Please let me know where I am going wrong or if there is a better method! I will include the commented out attempts using various functions. Please excuse the amateurish code, as I am a relative newb at R and ggplot2.
This section not directly relevant to my question
# Graph figures for physical economics, negative oil prices paper
library(reconPlots)
library(dplyr)
library(ggplot2)
library(patchwork)
library(ggrepel)
library(bezier)
library(ggforce)
options(ggrepel.max.time = 1)
options(ggrepel.max.iter = 20000)
#Set seed value for ggrepel
set.seed(52)
# panel (a)
#Set values of curves using the bezier function, each pair of c() values
# is an xy coordinate, and the sets of coordinates control the shape of the
# curve
supply <- Hmisc::bezier(c(1, 5, 6), c(3, 4, 9)) %>%
as_data_frame()
demand <- Hmisc::bezier(c(0, 9, 9), c(6, 6, 6)) %>%
as_data_frame()
label_height <- Hmisc::bezier(c(0, 9, 9), c(8, 8, 8)) %>%
as_data_frame()
# Calculate the intersections of the two curves
intersections <- bind_rows(curve_intersect(supply, demand))
# Calculate point where the curve label(s) intersect a specified height
supply_label <- bind_rows(curve_intersect(supply, label_height))

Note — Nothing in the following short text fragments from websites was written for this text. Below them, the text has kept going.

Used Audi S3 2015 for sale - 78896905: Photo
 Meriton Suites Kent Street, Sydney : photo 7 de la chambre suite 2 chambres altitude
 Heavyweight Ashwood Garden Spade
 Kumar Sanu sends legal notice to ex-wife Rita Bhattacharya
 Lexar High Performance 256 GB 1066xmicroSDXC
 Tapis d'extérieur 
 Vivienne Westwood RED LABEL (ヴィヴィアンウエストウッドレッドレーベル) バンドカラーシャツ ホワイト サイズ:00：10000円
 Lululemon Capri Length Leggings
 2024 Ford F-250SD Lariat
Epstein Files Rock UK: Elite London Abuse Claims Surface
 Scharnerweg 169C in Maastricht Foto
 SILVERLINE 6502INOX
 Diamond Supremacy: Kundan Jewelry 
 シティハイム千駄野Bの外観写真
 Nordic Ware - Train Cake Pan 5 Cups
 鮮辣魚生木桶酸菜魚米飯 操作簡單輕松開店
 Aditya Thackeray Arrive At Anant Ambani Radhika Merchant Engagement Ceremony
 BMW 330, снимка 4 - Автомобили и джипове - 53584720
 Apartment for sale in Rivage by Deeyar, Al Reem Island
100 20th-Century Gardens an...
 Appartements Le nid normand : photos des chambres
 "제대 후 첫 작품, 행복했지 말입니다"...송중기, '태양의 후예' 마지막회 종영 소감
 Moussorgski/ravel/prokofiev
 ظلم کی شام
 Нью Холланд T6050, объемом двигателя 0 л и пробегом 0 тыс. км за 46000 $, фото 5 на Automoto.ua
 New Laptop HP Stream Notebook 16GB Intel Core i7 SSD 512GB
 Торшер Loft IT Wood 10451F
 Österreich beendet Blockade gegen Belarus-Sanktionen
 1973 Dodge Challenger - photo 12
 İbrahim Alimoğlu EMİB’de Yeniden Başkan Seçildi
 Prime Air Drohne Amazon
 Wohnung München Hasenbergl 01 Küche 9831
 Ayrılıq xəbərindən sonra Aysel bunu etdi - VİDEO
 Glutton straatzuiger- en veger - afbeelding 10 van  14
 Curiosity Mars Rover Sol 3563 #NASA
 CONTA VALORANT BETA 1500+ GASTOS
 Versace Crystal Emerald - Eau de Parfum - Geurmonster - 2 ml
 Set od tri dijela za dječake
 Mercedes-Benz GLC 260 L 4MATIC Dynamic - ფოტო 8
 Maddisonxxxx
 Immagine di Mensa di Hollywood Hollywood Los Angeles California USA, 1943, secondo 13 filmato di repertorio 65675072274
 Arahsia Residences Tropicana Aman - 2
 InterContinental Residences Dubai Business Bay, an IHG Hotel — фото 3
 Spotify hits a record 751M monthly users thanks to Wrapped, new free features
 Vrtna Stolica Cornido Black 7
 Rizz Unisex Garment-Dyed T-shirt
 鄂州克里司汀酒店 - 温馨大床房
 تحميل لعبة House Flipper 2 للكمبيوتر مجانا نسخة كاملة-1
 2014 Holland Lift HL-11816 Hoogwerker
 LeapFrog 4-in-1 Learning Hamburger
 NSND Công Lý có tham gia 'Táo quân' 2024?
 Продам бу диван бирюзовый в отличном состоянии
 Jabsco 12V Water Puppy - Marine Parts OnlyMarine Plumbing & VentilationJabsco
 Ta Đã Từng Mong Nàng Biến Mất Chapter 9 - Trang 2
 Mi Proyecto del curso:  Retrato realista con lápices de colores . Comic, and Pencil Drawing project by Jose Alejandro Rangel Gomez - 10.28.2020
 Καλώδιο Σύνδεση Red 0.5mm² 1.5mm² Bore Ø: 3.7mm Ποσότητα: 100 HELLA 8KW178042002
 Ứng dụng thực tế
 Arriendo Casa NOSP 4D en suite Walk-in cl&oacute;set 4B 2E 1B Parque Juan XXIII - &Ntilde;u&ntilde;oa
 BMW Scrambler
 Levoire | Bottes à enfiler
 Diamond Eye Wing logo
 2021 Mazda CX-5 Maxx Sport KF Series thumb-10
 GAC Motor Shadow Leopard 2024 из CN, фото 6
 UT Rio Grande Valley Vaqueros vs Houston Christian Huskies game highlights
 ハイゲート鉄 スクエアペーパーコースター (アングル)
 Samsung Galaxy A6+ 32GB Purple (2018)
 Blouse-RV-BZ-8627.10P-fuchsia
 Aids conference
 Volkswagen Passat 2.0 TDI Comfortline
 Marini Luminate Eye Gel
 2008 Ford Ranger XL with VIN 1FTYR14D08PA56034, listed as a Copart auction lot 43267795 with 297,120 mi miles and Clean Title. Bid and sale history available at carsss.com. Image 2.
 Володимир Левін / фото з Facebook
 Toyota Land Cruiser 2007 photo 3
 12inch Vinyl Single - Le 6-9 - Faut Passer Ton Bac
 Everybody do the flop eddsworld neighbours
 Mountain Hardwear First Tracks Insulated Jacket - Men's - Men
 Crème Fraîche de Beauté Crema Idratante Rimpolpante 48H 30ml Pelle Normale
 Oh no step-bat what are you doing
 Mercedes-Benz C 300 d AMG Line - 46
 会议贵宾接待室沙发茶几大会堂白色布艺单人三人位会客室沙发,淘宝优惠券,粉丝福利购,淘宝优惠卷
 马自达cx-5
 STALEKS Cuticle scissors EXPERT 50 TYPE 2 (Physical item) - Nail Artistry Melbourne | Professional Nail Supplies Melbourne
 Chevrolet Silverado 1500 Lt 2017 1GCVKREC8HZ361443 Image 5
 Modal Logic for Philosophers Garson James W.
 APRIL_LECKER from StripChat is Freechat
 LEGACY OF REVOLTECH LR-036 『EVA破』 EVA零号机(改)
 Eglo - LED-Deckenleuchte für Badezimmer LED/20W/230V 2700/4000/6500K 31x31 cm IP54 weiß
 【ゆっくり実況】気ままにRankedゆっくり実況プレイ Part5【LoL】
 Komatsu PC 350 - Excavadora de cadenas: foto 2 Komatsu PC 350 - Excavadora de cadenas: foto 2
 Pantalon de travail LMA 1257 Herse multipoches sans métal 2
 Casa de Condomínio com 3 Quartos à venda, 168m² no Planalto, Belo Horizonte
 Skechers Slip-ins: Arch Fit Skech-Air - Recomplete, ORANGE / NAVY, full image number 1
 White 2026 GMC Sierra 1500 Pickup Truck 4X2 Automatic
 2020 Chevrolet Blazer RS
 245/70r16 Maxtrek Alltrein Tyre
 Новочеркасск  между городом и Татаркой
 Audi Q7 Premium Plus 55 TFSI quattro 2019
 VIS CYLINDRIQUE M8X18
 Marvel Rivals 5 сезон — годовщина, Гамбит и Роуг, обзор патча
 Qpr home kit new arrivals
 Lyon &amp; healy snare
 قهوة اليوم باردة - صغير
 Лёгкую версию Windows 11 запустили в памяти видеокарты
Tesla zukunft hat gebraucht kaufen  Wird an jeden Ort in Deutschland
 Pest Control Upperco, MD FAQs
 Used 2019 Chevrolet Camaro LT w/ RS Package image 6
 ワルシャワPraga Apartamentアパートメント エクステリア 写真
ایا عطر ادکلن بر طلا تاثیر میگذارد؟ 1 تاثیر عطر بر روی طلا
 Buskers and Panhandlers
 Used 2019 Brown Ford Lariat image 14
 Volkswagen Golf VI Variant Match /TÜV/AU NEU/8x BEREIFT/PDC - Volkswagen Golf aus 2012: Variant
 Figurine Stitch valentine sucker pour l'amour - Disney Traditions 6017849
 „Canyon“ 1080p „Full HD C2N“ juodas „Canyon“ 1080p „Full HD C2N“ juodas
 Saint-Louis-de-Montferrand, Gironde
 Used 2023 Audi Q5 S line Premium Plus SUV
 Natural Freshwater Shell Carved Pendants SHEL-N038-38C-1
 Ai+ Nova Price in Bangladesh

labels <- data_frame(label = expression("PS"[CR]^DRL),
x = supply_label$x,
y = supply_label$y)
production <- ggplot(mapping = aes(x = x, y = y)) +
#Draw the supply curve. Demand is not drawn in this figure, but the
# intersections of an imaginary demand curve are used to illustrate P0
# and Q0, the intersection point, and the dotted lines
geom_path(data = supply, color = "#0073D9", size = 1) +
geom_segment(data = intersections,
aes(x = x, y = 0, xend = x, yend = y), lty = "dotted") +
geom_segment(data = intersections,
aes(x = 0, y = y, xend = x, yend = y), lty = "dotted") +
#Draw the supply curve label using the intersection calculated above, using
# GGrepel so that the labels do not overlap the curve line
geom_text_repel(data = labels
,aes(x = x, y = y, label = label)
,parse = TRUE
,direction = "x"
,force = 3
,force_pull = 0.1
,hjust = 0
,min.segment.length = 0
) +
#Draw the intersection point based on intersection function between supply
# and the phantom flat demand curve at height y=6
geom_point(data = intersections, size = 3) +
#Use scale functions to set y-axis label, axis intersection point labels,
# and limits of the viewing area
scale_x_continuous(expand = c(0, 0), breaks = intersections$x
,labels = expression(Q[CR]^{DRL-PS})
,limits=c(0,9)
) +
scale_y_continuous(expand = c(0, 0), breaks = c(intersections$y, 9)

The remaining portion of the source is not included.